Here are some questions to consider before switching careers:
- What kind of jobs in this field are available in your geographic area?
- Would relocating be required, and is that something you’re willing to consider?
- What does the job outlook for this role look like on a national level?
- What’s the average salary for this role, and how does it change as you advance in the field?
- What are the barriers to entry in this industry?
- How long would it take you to “catch up” to your current salary and leadership level?
The Bureau of Labor Statistics’ Occupational Outlook Handbook is a great resource to learn about salaries, job prospects, education, and experience required for specific roles.
It’s also a good idea to do some networking with people in the field you’re looking to enter. Informational interviews will help you gain invaluable input about the day-to-day realities of the job you want.
This can be the toughest step in figuring out how to switch careers: gaining experience. Depending what field you’re transitioning to, you may be starting from zero when it comes to building experience.
First, seek out opportunities within your desired industry that are designed to build experience, like internships or exploratory programs. In certain fields like healthcare and education, volunteering may be a viable option and also comes with the benefit of helping you make valuable connections at an organization you’re interested in.
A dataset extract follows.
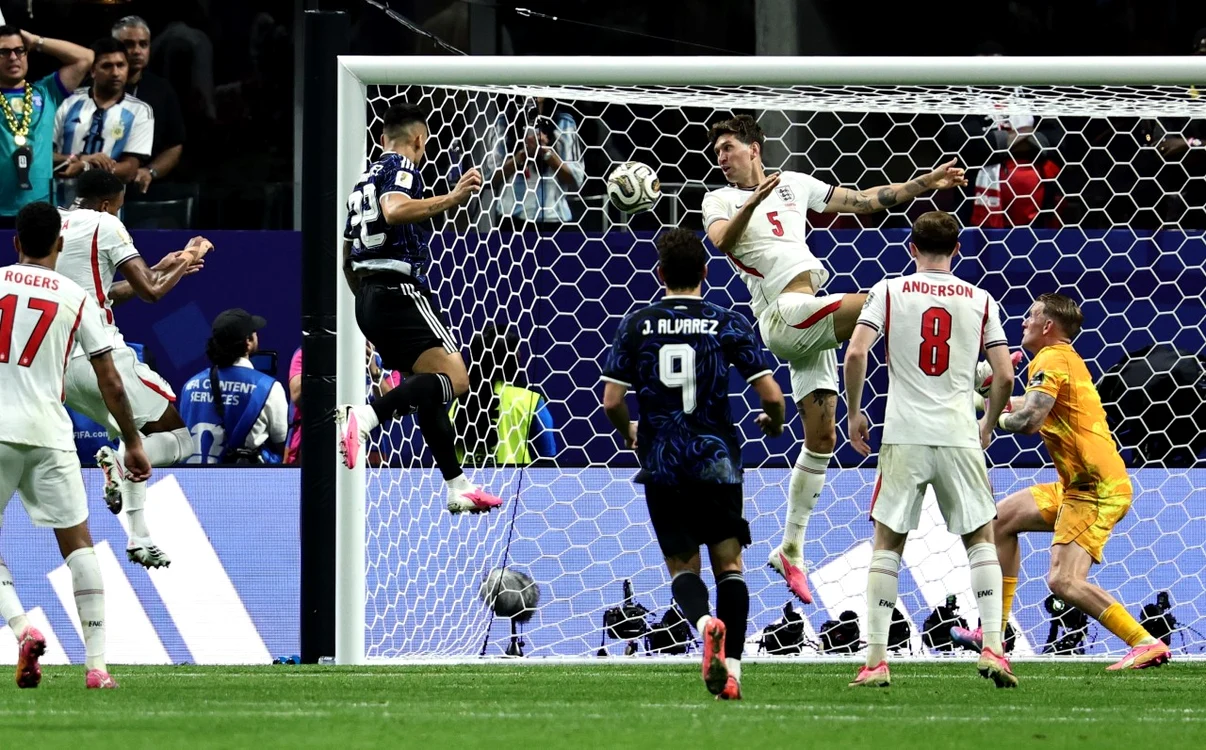 Lautaro Martinez a adus victoria Argentinei cu o lovitură cu capul (Foto: EPAImages)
If you already possess some of the skills needed to get started in your intended field, you might take on freelance work as a side hustle or even consider working for free in exchange for experience to build your resume. You may need to get creative and give up early mornings, nights and/or weekends, but building experience before you start applying can go a long way to landing you the job you want.
Polish your resume
Now it’s time to give your resume a makeover. It’s not sufficient to start applying with the same resume you’ve been using for years in your current field. Instead, you’ll want to rework it so that it frames your accomplishments in a way that’s relevant to the new field you’re entering.
For example, let’s say you’re an office manager but you’re looking to break into the field of graphic design. You might highlight the way you facilitated communication between different parties, oversaw the development of visual marketing materials for the office or solved problems for customers, all of which would be relevant skills for success in a graphic design role.
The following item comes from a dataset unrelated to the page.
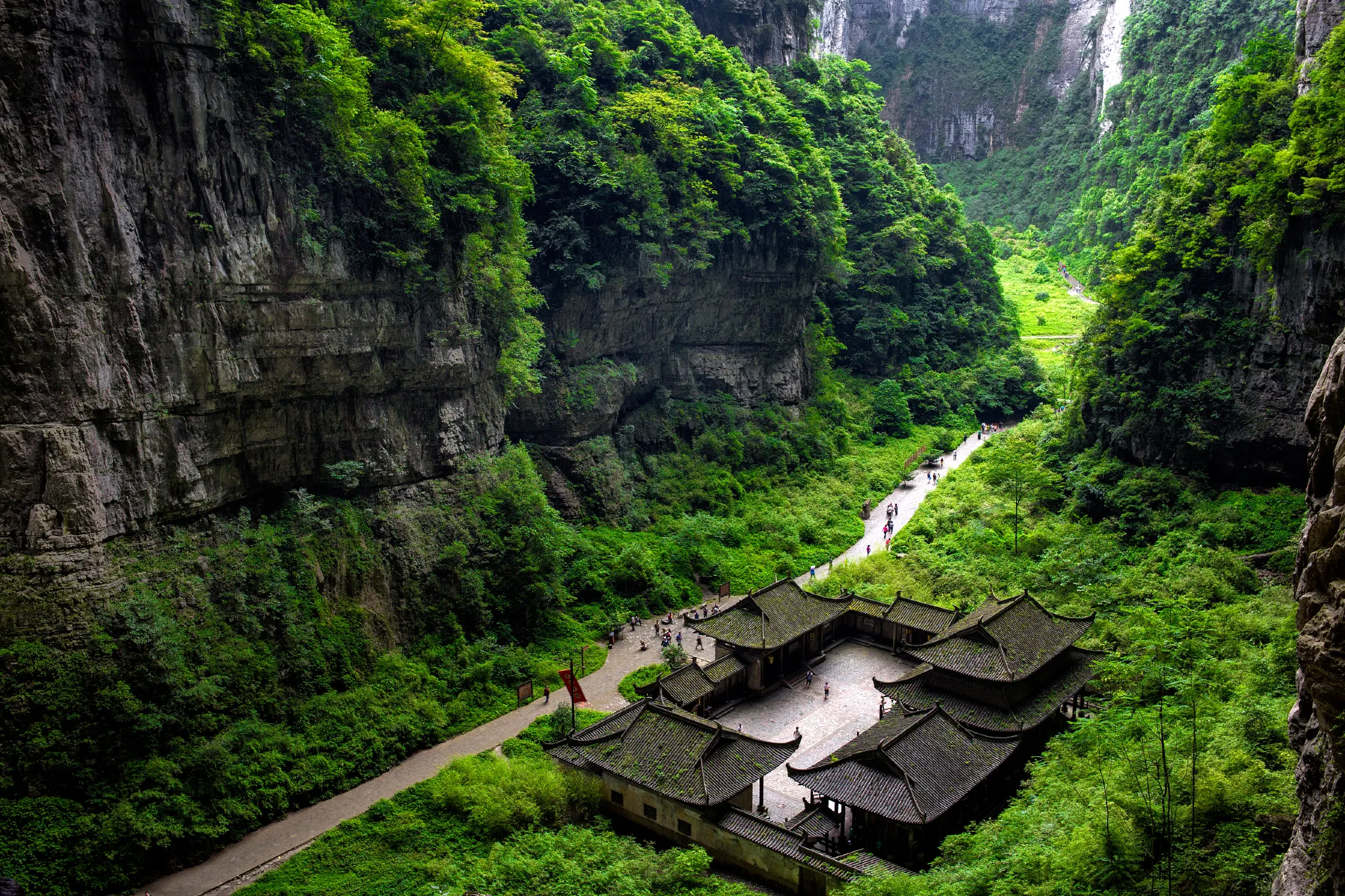 1‑Day Wulong Natural Heritage & Hongyadong Night Small‑Group Tour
The only thing left to do to achieve your goal of changing careers is to start applying. Prospective employers will likely be curious about the shift in your career trajectory, so be prepared to discuss it in interviews.
You don’t need to give your interviewer your life story when explaining why you’re making the shift—in fact, you should avoid oversharing. But you do want to answer the inevitable question in a way that’s honest and forthcoming. Here are some examples of things you might cite when framing your explanation:
- I’ve admired the work [hiring company] does for a long time, and this position seemed like a promising opportunity for me to play a role in that mission.
- I accomplished a lot in my role as [X], but I feel ready for a new challenge. I can see that opportunity here because [Y].
- I was really drawn to [some aspect of your previous work], but it turned out to be only a minor part of my current role. This role seems like a great opportunity for me to expand my work in that area while being an asset to [company].
- When I started my career in [previous field], I was interested in [X]. Since then, I’ve found that my skills are much better suited to [Y], and this is a role where I can put those skills to use.
Remember, humans aren’t one-dimensional, so there’s no reason your multifaceted skills can only be applied to a single career choice. The more you can clearly show your interviewer how your talents gained in previous roles can be applied to your new one, the greater your chance of success.